Müssen gute Gitarren teuer sein?

vom 23.01.2013, 10:30 Uhr

Ich habe es getan und die halbe Weltreise zum Musikalienladen unternommen, um mich nach einer Gitarre umzusehen. Dabei war ein Bekannter von mir, der selbst ein bisschen Gitarre spielt, netterweise mitbekommen, weil ich selbst halt Total-Anfängerin bin und keine Ahnung habe, worauf man beim Kauf achten muss, abgesehen davon, dass der Steg nicht verzogen ist und der Klang einigermaßen angenehm ist, wobei "angenehm" ja bekanntlich auch sehr subjektiv ist.

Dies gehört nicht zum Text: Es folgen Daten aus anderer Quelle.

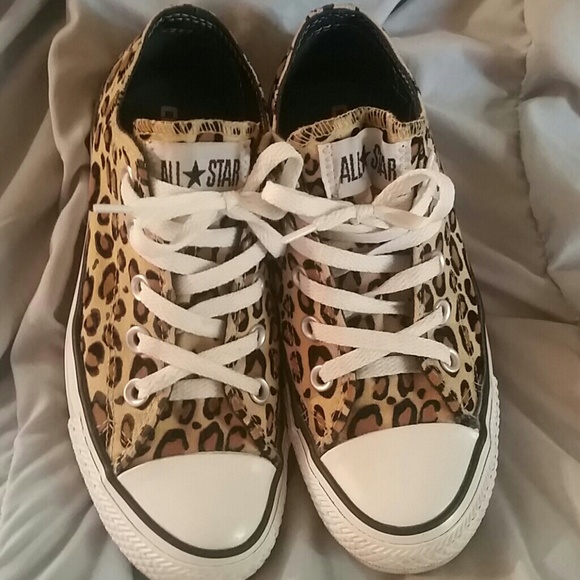 Limited edition cheetah print converse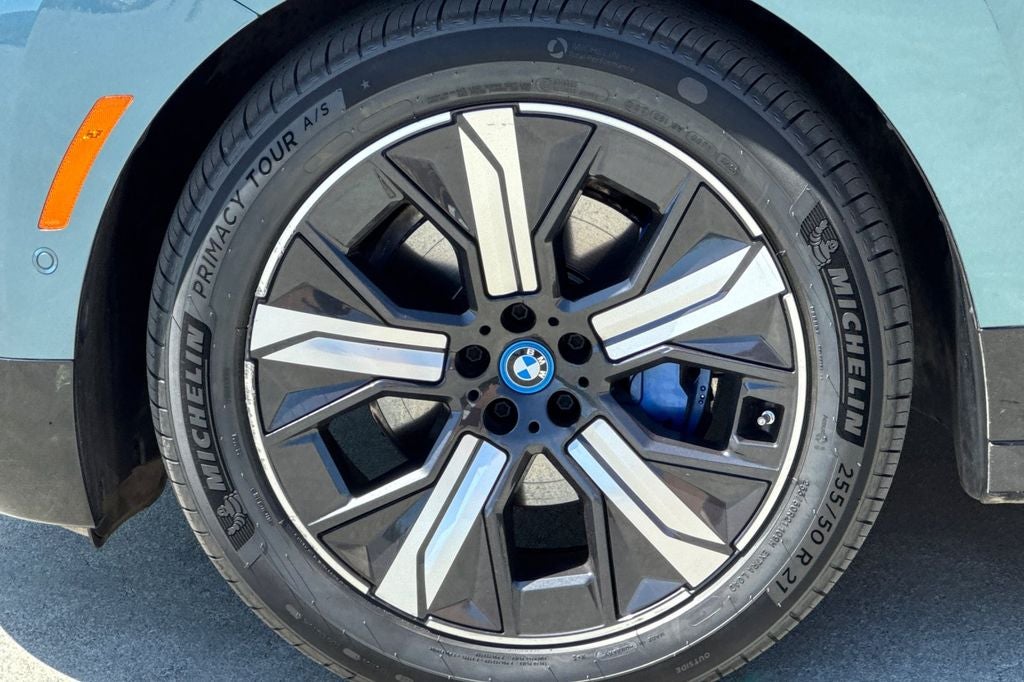 2023 BMW iX xDrive50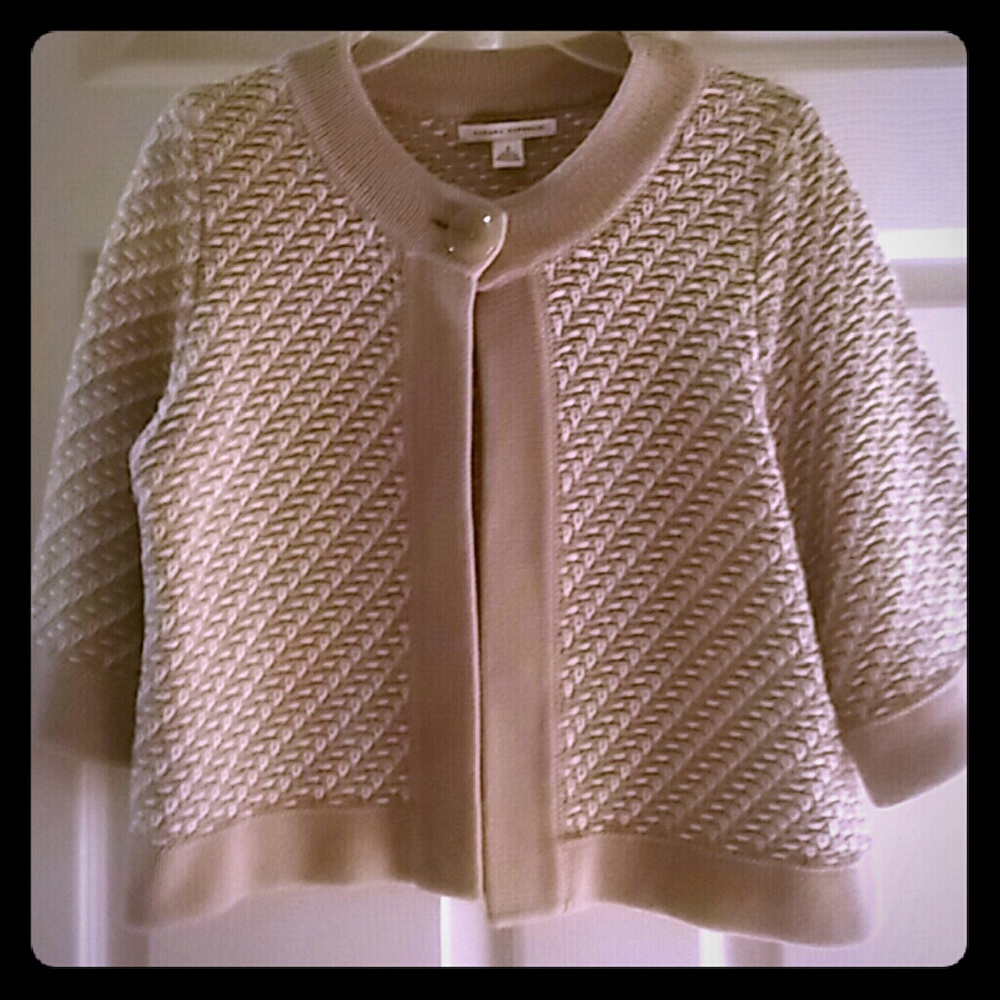 Banana Republic cute throw over single button up.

Letztendlich habe ich mir auch eine Gitarre gekauft, aber eben keine sonderlich "edle".

Ich habe jetzt im Laden diverse Instrumente durchgetestet. Es hat sich relativ schnell herausgestellt, dass ich wegen meiner Körpergröße und Handgröße tatsächlich eine 7/8-Gitarre am besten handhaben kann, das hat mir auch der Verkäufer (der von so etwas hoffentlich Ahnung hat) bestätigt. Mir gefielen die Konzertgitarren mit Nylonsaiten am besten. Davon standen auch eine ganze Menge Modelle zur Auswahl.

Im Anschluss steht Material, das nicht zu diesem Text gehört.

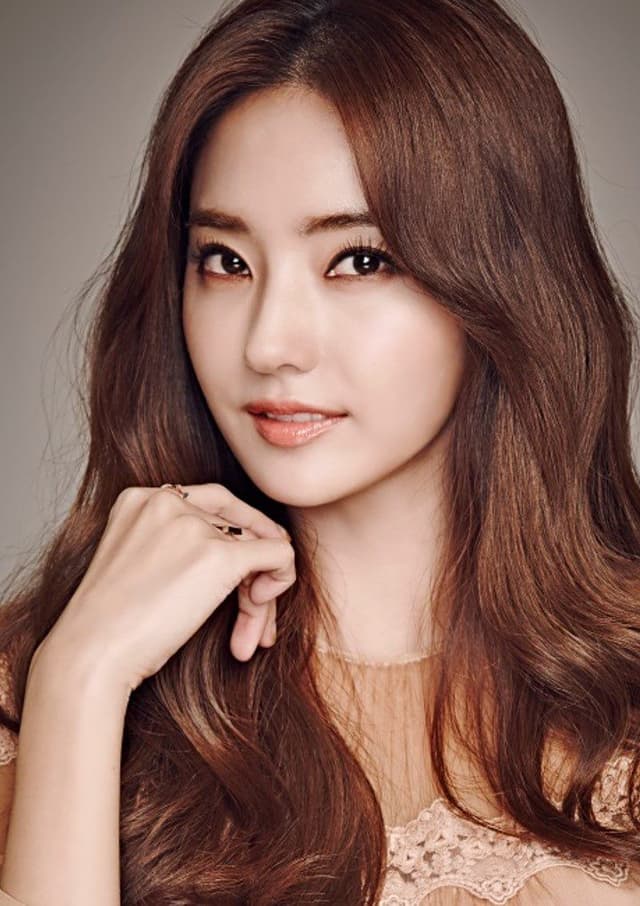 Han Chae-young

Mir war von Anfang an klar, dass ich nicht viel Geld ausgeben wollte, einfach aus dem Grund, dass ich ja noch nicht weiß, wie sich das mit der Gitarre bei mir entwickelt, ob ich wirklich langfristig ernsthaft spielen möchte oder ob ich es irgendwann aufgebe. In letzterem Fall hätte ich natürlich nicht gern allzuviel Geld aus dem Fenster geworfen. Daher habe ich mich halt in der unteren Preisklasse umgesehen.

Meine erste Feststellung war, dass die allerbilligsten Modelle, die so um die 20 bis 30€ lagen, wirklich schrecklich klangen, richtig scheppernd und dünn und nicht so, wie Gitarren eigentlich klingen sollten bzw. so, wie man den Klang von Gitarren schätzt. Okay, das ist für mich auch relativ leicht zu erklären, für den Preis kann man wohl keine große Handwerkskunst erwarten, das ist Fabrikware mit geringem musikalischem Wert.

Allerdings habe ich zu meinem nicht geringen Erstaunen eine nur unwesentlich teurere Gitarre gefunden. Die kostete ungefähr 60€ und klingt richtig gut, hat auch nach Aussage meines Bekannten einen geraden Steg keinerlei technische Mängel. Da sie bei mir gut in der Hand lag, habe ich dieses Instrument letztendlich gekauft.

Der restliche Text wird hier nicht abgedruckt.